Structural Risk Minimization Principle-Based Linear EIV Model with Parameter Ridge Estimation Method

加权整体最小二乘(WTLS)法是一种可同时顾及被解释变量和解释变量随机误差的估计方法,能够达到较高的预测精度.但是,该方法只考虑了模型的拟合优度,而忽略了复杂度,从而降低了其泛化能力.本文基于结构风险最小化原则,提出了线性EIV模型参数岭估计(PRE)方法,利用Lagrange乘数法导出了参数最优估计所满足的条件方程,并在此基础上给出了其数值解的迭代算法.为说明PRE方法的有效性,本文通过蒙特卡洛方法进行了数据模拟,进一步利用PRE方法对1995 2016年我国财险保费收入影响因素进行了实证研究,并与最小二乘(LS)、岭估计(RE)和加权整体最小二乘(WTLS)三种方法对比,研究结果表明:本文提出的PRE方法能明显提高预测精度,具有更强的泛化能力等优点.本文的最后还提出了PRE的统计性质等几个需要进一步研究的问题.

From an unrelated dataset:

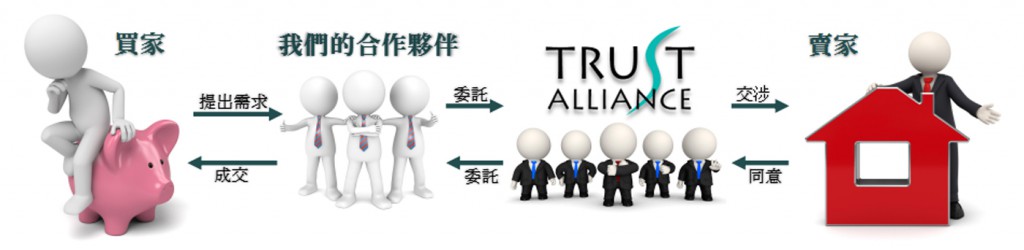 本公司提供的服務內容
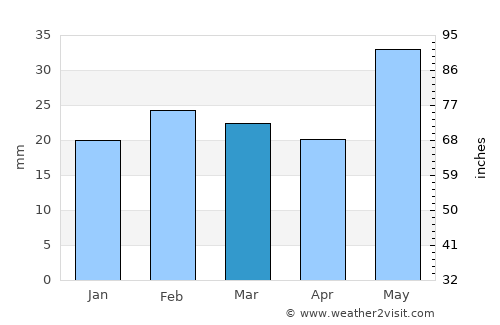 Makhachkala average rain in March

Weighted Total Least Squares(WTLS)is an estimation method that can take into account the random errors of the interpreted and explanatory variables at the same time,which can achieve high prediction accuracy.However,this method only considers goodness of fit,but ignores the complexity of the model,which reducing its generalization ability.In this paper,considering the principle of structural risk minimization,the linear EIV model with parameter ridge estimation(PRE)method is proposed.The Lagrange multiplier method is used to derive the conditional equation that satisfies parameter optimal estimation,an iterative algorithm for its numerical solution is given too.In order to better illustrate the effectiveness of the PRE method,this paper carried out data simulation by Monte Carlo method.Then we conduct the empirical study on the influencing factors of China’s property insurance premium income during 1995-2016 using the PRE method,and compared with least squares(LS),traditional the ridge estimation(RE)and weighted total least squares(WTLS)method.The research results show that the PRE method proposed in this paper can achieve higher precision,generation et.al.At the end of the paper,several statistical issues such as the statistical nature of PRE are proposed.